## Work task
Would you retype the line that contains "een tafel met" and all lines following it to the end of the entries below, exactly and without pictures?

+++ Dataset records

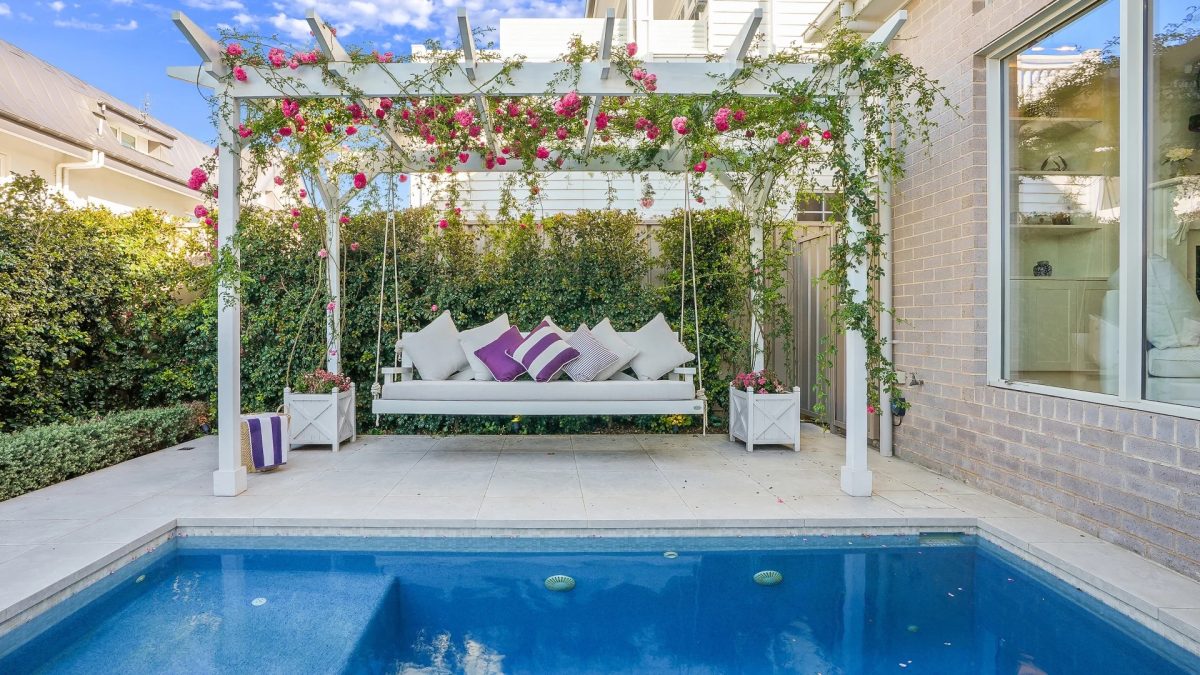 Pool with swing chair and creeping roses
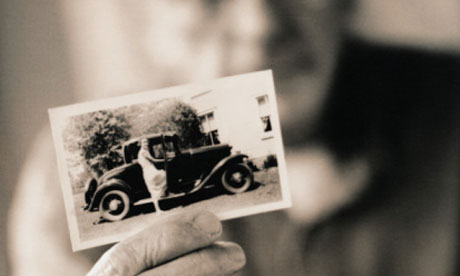 Man Holding a Vintage Photograph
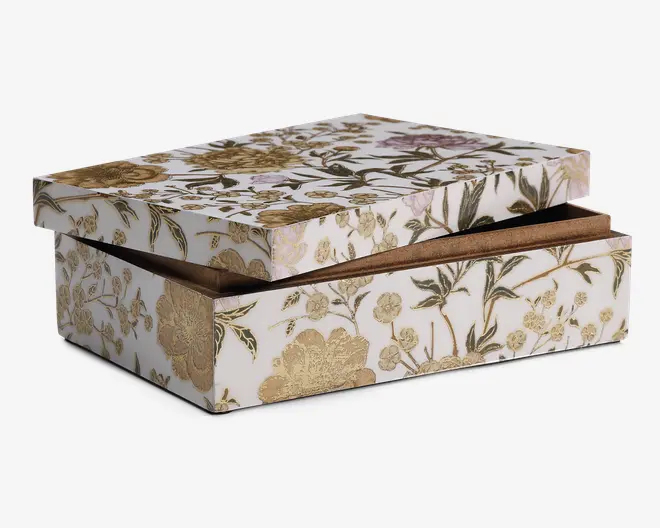 Rektangulær æske med aftageligt låg, dekoreret med et hvidt baggrund og detaljerede blomster-mønstre i guld og grønne nuancer. Æsken har en blank overflade, og blomsterdesignet dækker alle synlige flader, hvilket giver et elegant og dekorativt udtryk. Indersiden ser ud til at være foret med et brunt materiale.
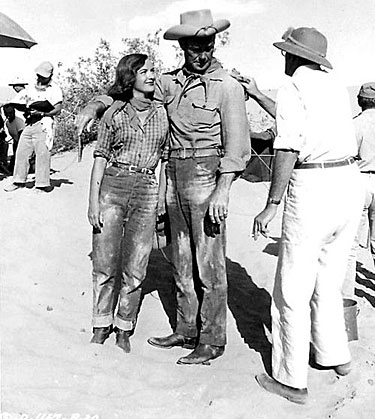 Director John Sturges applies just a bit more dirt to Randolph Scott and Ella Raines before the next scene of “The Walking Hills” (‘49). 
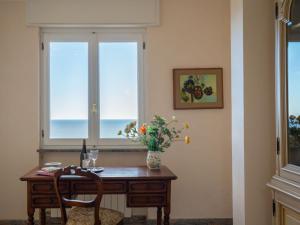 een tafel met een vaas met bloemen en een raam bij Apartment Primavera - PGI130 by Interhome in Poggi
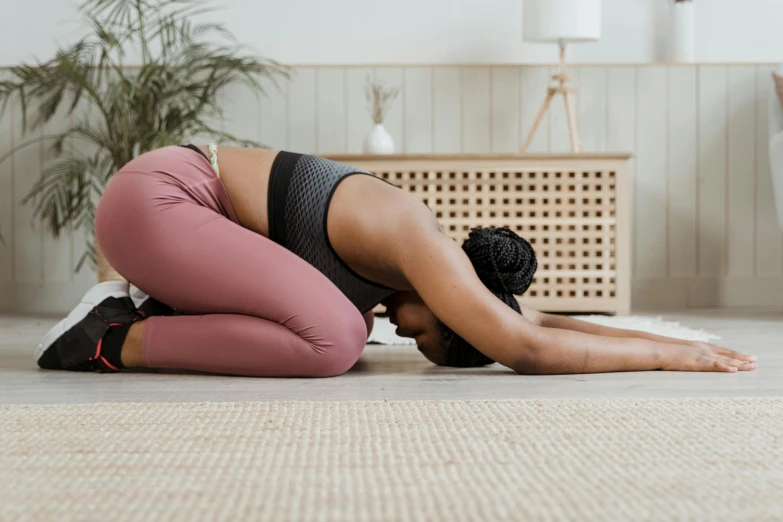 an image of a woman that is doing yoga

++++++

## Exercise response
 een tafel met een vaas met bloemen en een raam bij Apartment Primavera - PGI130 by Interhome in Poggi
 an image of a woman that is doing yoga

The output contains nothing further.